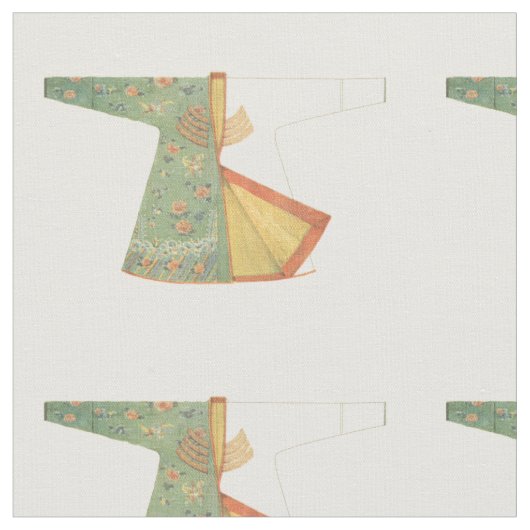 スケッチ ファブリック (クローズアップ)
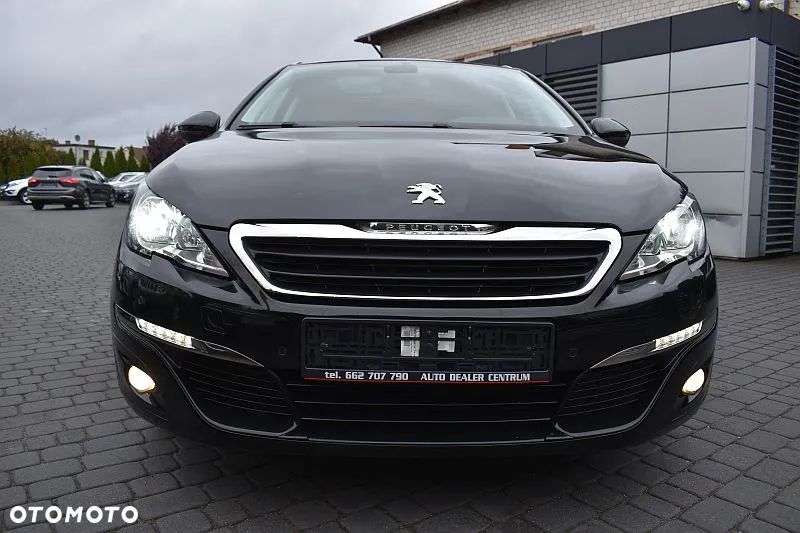 Peugeot 308 SW 1.6 BlueHDi Allure S&S - 5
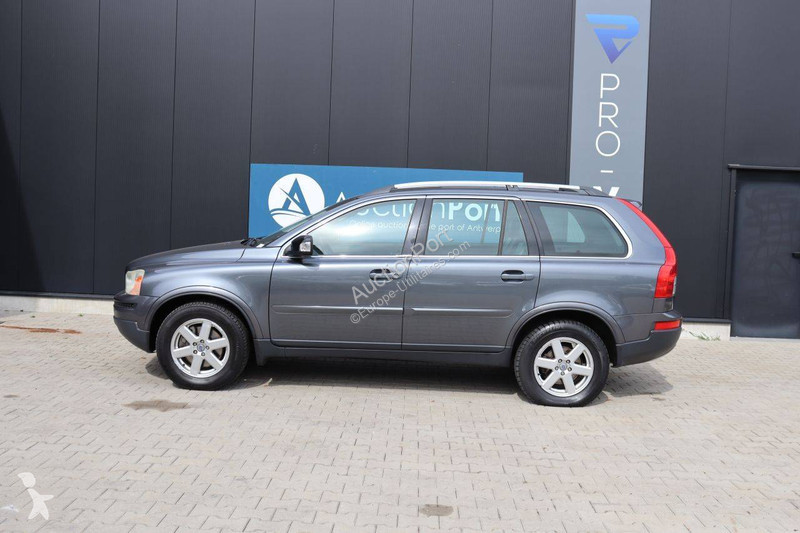 Furgoneta Volvo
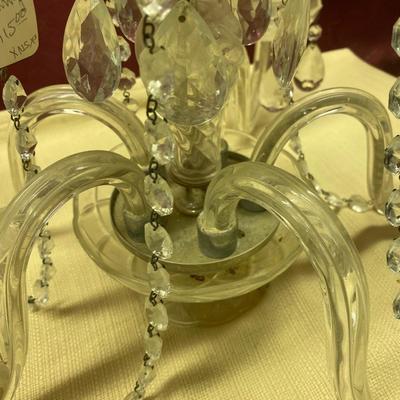 Vintage Crystal Chandelier Lighting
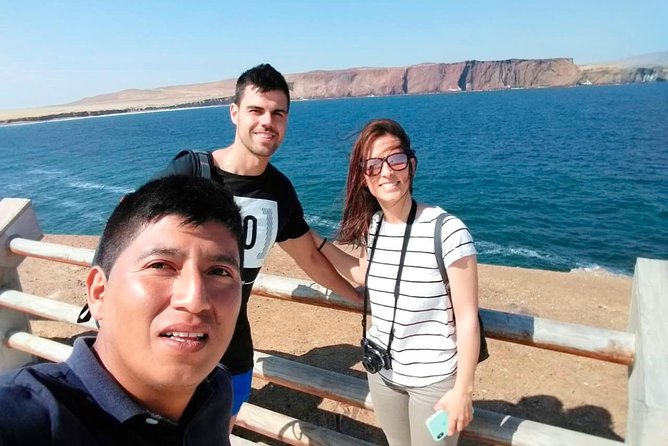 Paracas National Reserve Tour - Independence Monument: the fast start that helps everything click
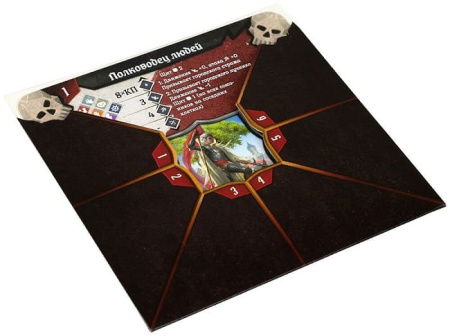 Gloomhaven. Мрачная гавань: Забытые круги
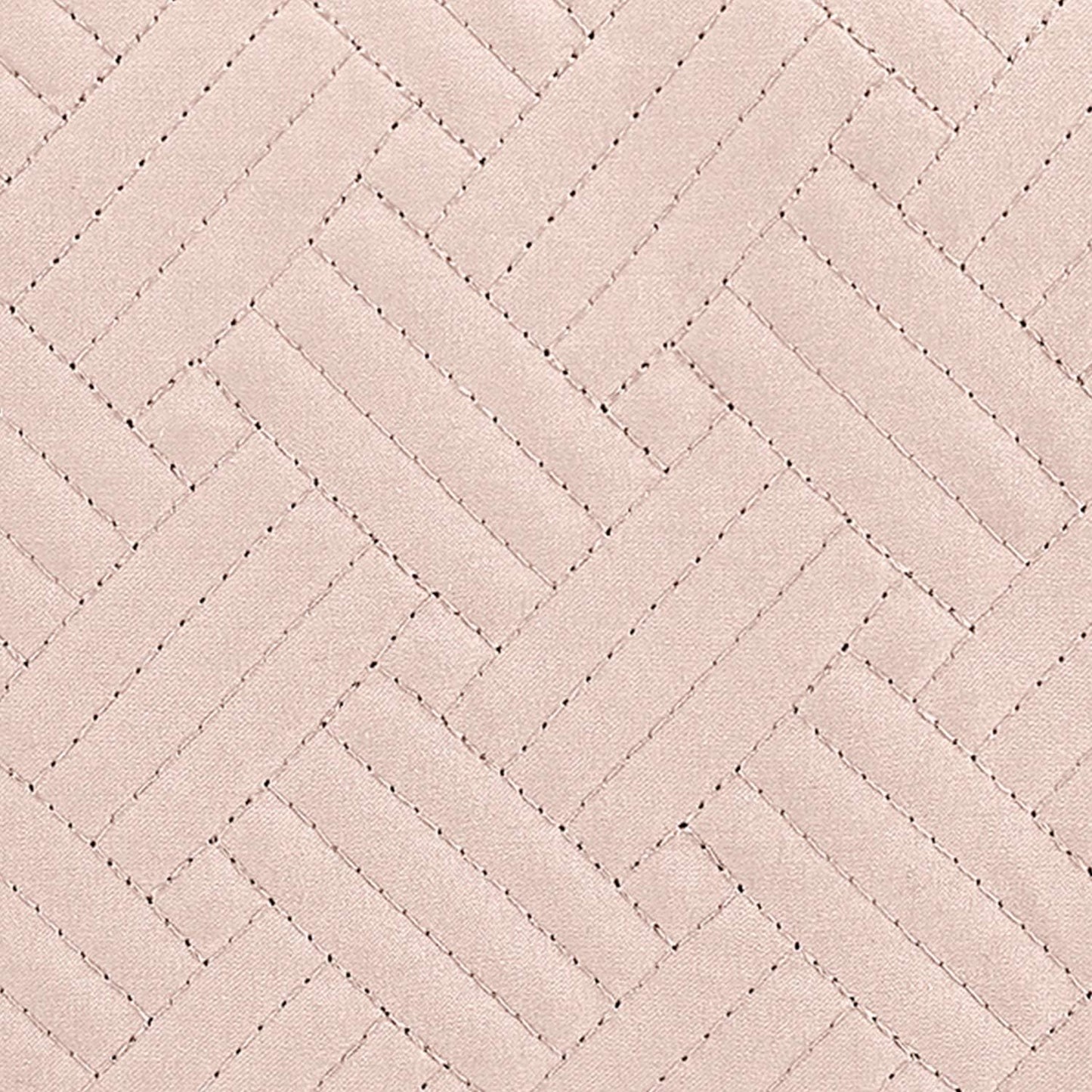 BAGSMART Jewelry Organizer Case Travel Jewelry Storage Bag for Necklace, Earrings, Rings, Bracelet, Soft Pink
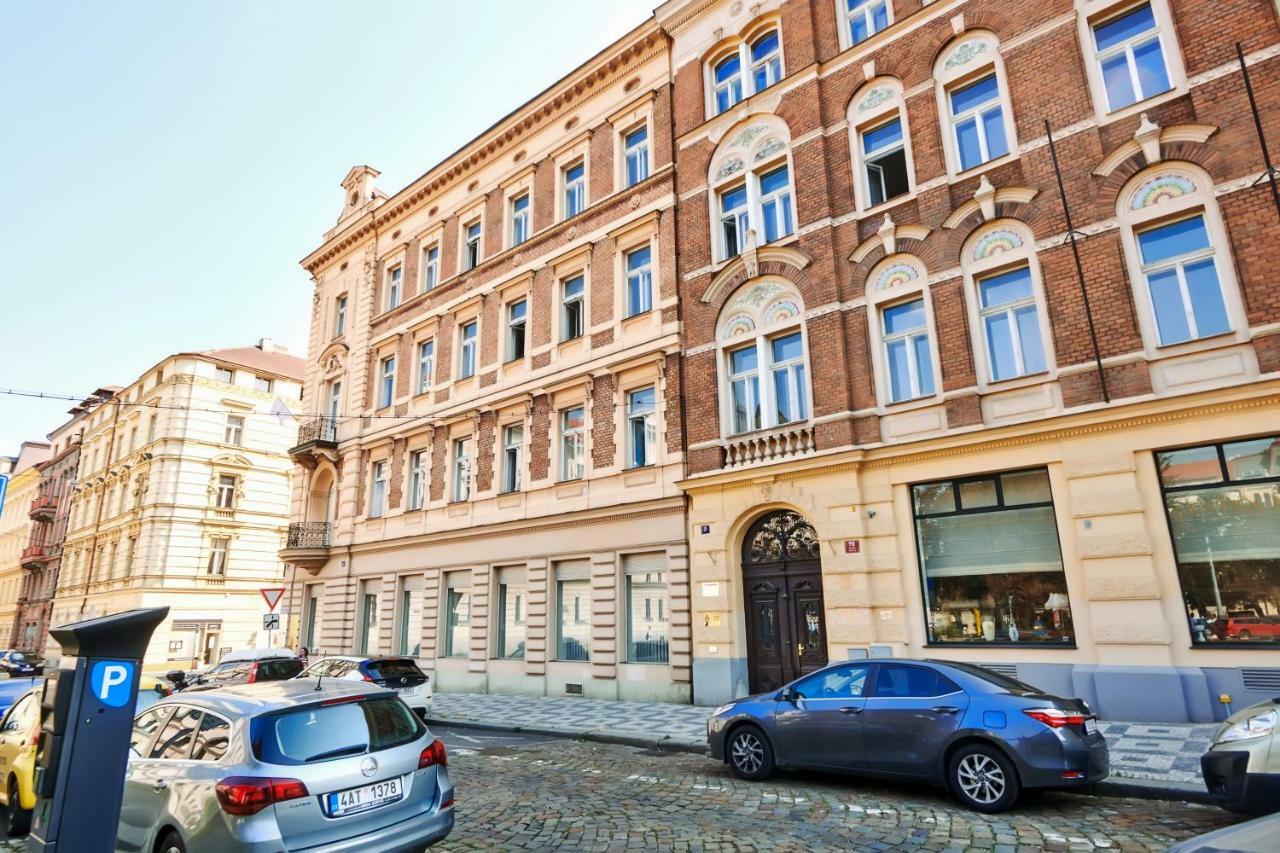 Royal Route Residence Lesser Town Praga Exterior foto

------

**Work instructions**
Restate all entries exactly; pictures stay out.

**Answer below**
 スケッチ ファブリック (クローズアップ)
 Peugeot 308 SW 1.6 BlueHDi Allure S&S - 5
 Furgoneta Volvo
 Vintage Crystal Chandelier Lighting
 Paracas National Reserve Tour - Independence Monument: the fast start that helps everything click
 Gloomhaven. Мрачная гавань: Забытые круги
 BAGSMART Jewelry Organizer Case Travel Jewelry Storage Bag for Necklace, Earrings, Rings, Bracelet, Soft Pink
 Royal Route Residence Lesser Town Praga Exterior foto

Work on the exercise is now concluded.